Alternative remedy is not an absolute bar to a writ petition. : Jharkhand High Court

It is true that an alternative remedy is not an absolute bar to a writ petition, but it is equally well settled that if there is an alternative remedy the High Court should not ordinarily interfere, is referred by Justice Sanjay Kumar Dwiwedi of the Jharkhand High Court in the case of Md. Shamin v. State of Jharkhand [ W.P. (Cr.) No. 312 of 2020]

This order was passed in a matter of facts where the petitioner has filed this writ petition under Article 226 of the Indian Constitution seeking a direction to the respondents to lodge an F.I.R. based on the petitioner’s written complaint. The petitioner’s complaint is that, despite the petitioner’s written submission, no F.I.R. has been filed. Learned counsel for the petitioner contends that the petitioner has the right to file an F.I.R. and that the respondents are obligated to file an F.I.R., which they have not done.

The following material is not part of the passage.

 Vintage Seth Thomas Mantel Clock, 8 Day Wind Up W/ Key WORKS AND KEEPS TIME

The learned counsel for the respondent-State contends that petitioning the Hon’ble High Court under Article 226 of the Constitution is not an appropriate remedy. He claims that a proceeding under Section 107 of the Criminal Procedure Code has already been initiated. He claims that there is a remedy available under the Code of Criminal Procedure in these types of cases. He claims that if no FIR has been filed, the proposed informant should approach the Magistrate in accordance with the Code of Criminal Procedure. In support of his contention, learned counsel for the respondent-State cited the decision in “Sakiri Vasu Vrs. State of Uttar Pradesh and Ors.” reported in (2008) 2 SCC 409.

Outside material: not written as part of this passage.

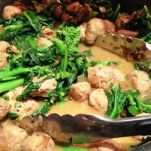 Bocconcini di tacchino con broccoli, uvetta e zafferano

This aspect of the case was further considered by the Supreme Court in the case of “Sudhir Bhaskarrao Tambe Vrs. Hemant Yaswant Dhage & Others” reported in (2016) 6 SCC 277, in which the judgement in “Sakri Vasu)” (supra) was followed. The Hon’ble Supreme Court has held in paragraph 2 of the aforementioned judgement as follows:

“that if a person has a grievance that his FIR has not been registered by the police, or having been registered, proper investigation is not being done, then the remedy of the aggrieved person is not to go to the High Court under Article 226 of the Constitution of India, but to approach the Magistrate concerned under Section 156(3) Cr.P.C. If such an application under Section 156(3) Cr.PC is made and the Magistrate is, prima face, satisfied, he can direct the FIR to be registered, or if it has already been registered, he can direct proper investigation to be done which includes in his discretion, if he deems it necessary, recommending a change of the investigating officer so that a proper investigation is done in the matter.” 

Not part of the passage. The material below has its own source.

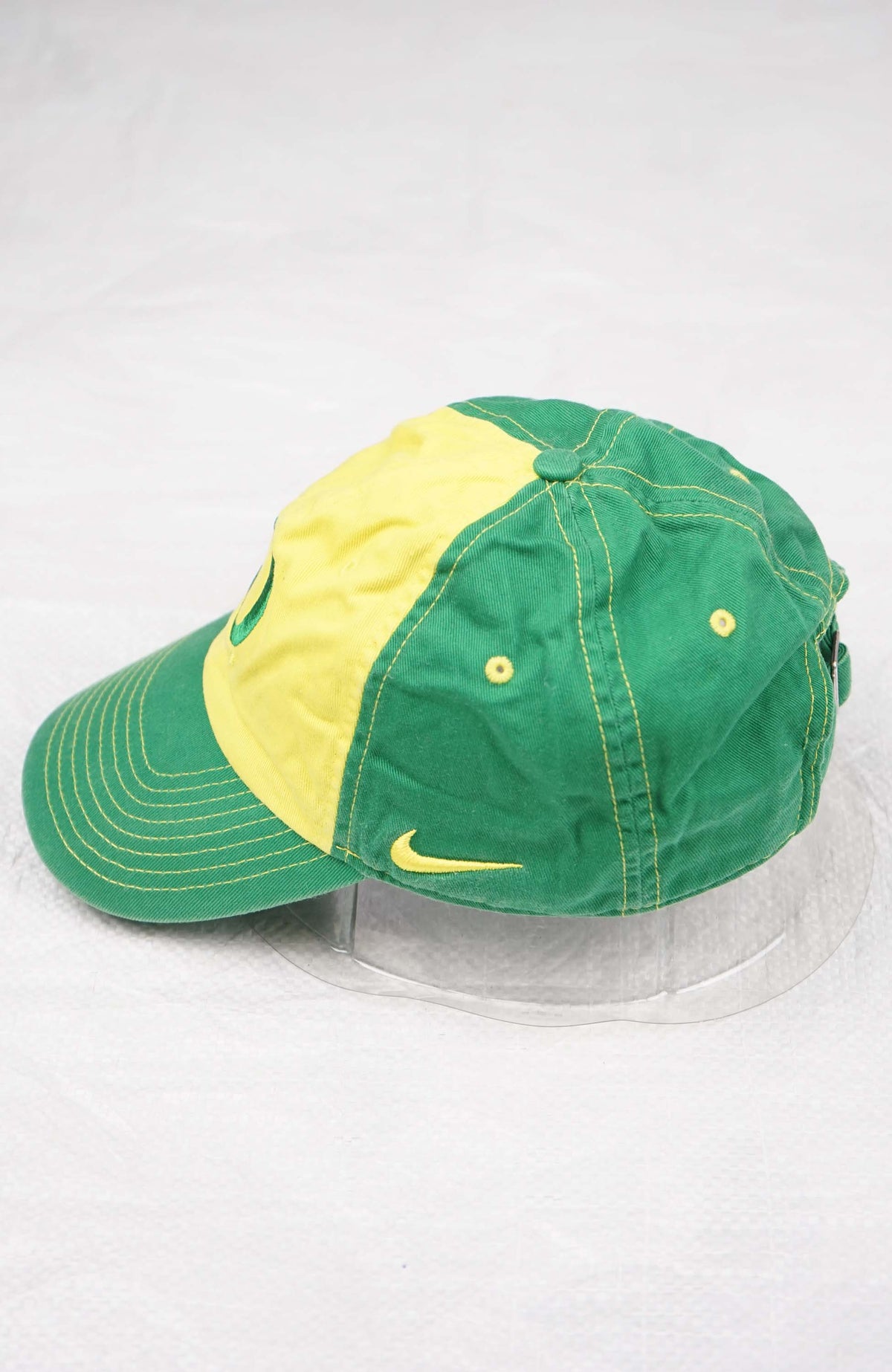 VINTAGE NIKE OREGON HAT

The Hon’ble Supreme Court of India cited this decision in the case of “M. Subramaniam & Anr Vrs. S. Janaki & Anr,” reported in (2020) SCC Online SC 341. The issue is now well settled as a result of the Hon’ble Supreme Court’s decision. If the police do not register the FIR, the complainant may approach the Magistrate in accordance with the Code of Criminal Procedure. The complainant has access to this alternative remedy. Given the preceding decisions, and the petitioner’s availability of an alternative remedy, the Court is hesitant to exercise its power under Article 226 of the Indian Constitution.

Accordingly, the instant criminal writ petition stands dismissed with a liberty to the petitioner to approach before the Magistrate concerned by invoking the statutory remedy available in the Cr.P.C.